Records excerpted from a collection
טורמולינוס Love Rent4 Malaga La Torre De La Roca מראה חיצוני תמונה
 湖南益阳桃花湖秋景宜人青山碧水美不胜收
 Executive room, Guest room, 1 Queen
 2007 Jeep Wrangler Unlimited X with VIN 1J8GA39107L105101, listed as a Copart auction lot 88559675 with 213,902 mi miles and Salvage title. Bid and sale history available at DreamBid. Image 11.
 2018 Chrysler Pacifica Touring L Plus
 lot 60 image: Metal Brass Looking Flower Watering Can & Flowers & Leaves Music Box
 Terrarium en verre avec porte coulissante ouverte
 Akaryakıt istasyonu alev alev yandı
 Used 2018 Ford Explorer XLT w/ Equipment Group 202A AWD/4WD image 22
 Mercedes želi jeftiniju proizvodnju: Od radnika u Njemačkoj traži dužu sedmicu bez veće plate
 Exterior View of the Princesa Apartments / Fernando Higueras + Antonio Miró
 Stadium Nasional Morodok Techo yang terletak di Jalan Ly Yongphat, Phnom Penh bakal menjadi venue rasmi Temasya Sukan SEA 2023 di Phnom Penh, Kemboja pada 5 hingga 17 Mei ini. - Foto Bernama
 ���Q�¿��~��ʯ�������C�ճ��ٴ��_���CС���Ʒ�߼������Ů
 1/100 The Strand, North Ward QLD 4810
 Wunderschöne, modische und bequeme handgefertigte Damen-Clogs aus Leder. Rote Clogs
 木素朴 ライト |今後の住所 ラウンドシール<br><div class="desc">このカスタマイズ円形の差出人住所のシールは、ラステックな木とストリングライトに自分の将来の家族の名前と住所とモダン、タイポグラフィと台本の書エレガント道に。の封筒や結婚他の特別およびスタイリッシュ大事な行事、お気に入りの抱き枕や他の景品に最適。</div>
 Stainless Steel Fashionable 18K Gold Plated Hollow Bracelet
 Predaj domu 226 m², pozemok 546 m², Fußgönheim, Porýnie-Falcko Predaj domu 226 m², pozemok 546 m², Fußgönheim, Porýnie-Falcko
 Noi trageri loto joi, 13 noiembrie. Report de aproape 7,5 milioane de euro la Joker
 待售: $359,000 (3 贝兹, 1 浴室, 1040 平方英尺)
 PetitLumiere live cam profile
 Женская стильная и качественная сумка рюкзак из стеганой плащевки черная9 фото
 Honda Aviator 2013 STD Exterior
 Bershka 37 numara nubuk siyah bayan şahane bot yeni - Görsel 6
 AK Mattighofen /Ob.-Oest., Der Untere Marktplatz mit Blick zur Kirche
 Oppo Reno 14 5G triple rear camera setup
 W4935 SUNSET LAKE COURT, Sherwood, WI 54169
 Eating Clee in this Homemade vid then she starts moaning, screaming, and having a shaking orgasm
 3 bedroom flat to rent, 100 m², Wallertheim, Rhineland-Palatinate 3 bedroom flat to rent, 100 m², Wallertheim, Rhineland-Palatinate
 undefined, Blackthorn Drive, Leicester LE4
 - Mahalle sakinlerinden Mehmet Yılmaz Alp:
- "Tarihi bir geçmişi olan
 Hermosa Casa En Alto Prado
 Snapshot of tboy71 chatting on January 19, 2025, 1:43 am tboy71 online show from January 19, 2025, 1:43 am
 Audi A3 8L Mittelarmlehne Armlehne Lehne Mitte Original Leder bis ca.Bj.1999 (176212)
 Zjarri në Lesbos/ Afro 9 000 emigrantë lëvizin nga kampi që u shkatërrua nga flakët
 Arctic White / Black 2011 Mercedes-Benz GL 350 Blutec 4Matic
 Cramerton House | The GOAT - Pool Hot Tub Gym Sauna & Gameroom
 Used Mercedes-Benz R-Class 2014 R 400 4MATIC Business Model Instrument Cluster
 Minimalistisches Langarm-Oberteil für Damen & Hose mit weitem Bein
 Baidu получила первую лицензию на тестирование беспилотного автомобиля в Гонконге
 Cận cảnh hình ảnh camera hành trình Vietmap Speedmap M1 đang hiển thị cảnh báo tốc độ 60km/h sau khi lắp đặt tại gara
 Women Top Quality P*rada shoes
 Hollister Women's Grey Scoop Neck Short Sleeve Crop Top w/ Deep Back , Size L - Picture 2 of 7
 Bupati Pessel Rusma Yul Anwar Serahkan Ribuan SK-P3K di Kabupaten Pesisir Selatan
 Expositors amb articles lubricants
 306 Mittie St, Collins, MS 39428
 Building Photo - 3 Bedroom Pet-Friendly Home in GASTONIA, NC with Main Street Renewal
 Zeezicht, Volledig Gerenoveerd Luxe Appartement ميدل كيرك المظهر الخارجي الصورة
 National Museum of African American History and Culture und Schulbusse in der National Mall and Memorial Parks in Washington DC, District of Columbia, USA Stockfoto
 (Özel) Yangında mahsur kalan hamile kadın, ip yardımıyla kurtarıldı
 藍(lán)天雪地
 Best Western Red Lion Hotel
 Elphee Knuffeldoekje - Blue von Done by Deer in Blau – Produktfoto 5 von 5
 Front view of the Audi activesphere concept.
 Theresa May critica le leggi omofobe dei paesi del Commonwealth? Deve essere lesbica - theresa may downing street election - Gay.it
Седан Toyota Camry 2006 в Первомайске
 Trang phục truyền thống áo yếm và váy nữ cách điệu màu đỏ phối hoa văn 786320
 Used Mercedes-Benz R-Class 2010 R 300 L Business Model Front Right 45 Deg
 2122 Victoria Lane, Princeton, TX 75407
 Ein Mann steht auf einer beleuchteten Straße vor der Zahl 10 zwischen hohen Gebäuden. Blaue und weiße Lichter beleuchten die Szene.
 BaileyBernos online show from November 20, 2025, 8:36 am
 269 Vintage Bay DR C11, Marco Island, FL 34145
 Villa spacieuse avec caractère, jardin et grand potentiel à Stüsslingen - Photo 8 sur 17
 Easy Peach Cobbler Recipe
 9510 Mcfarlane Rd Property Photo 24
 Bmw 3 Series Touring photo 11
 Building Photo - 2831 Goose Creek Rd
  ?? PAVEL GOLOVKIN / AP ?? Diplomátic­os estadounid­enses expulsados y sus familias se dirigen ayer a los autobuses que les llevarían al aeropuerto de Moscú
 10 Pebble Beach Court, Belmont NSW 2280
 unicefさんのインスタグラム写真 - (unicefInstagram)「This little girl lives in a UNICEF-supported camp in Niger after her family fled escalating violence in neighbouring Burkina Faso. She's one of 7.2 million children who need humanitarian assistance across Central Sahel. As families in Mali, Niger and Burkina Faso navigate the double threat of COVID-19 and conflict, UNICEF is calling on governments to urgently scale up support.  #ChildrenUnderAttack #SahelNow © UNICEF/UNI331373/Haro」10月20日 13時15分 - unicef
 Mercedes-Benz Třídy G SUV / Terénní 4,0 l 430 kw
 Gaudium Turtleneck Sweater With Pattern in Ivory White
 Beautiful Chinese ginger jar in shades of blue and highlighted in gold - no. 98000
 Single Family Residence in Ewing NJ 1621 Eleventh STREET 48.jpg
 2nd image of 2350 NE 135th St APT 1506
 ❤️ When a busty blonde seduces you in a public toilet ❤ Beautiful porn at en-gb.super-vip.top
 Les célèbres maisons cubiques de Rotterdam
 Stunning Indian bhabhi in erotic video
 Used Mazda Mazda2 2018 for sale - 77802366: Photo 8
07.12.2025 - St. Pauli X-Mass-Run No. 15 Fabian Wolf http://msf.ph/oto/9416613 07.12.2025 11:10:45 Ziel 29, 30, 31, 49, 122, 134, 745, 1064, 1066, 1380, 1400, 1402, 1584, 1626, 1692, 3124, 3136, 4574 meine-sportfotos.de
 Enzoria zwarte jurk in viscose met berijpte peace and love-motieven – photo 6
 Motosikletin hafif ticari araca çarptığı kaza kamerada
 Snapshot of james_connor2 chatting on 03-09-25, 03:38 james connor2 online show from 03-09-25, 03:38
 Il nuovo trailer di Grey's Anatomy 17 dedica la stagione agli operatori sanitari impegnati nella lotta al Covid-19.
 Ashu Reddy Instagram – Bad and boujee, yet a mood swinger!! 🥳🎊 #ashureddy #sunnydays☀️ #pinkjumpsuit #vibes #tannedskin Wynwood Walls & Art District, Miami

# REQUIREMENT
In the entries above, restate word for word the lines between the one holding "Villa spacieuse avec" and the one holding "10 Pebble Beach Court, Belmont NSW 2280", inclusive, and nothing besides.

# SOLUTION BELOW
 Villa spacieuse avec caractère, jardin et grand potentiel à Stüsslingen - Photo 8 sur 17
 Easy Peach Cobbler Recipe
 9510 Mcfarlane Rd Property Photo 24
 Bmw 3 Series Touring photo 11
 Building Photo - 2831 Goose Creek Rd
  ?? PAVEL GOLOVKIN / AP ?? Diplomátic­os estadounid­enses expulsados y sus familias se dirigen ayer a los autobuses que les llevarían al aeropuerto de Moscú
 10 Pebble Beach Court, Belmont NSW 2280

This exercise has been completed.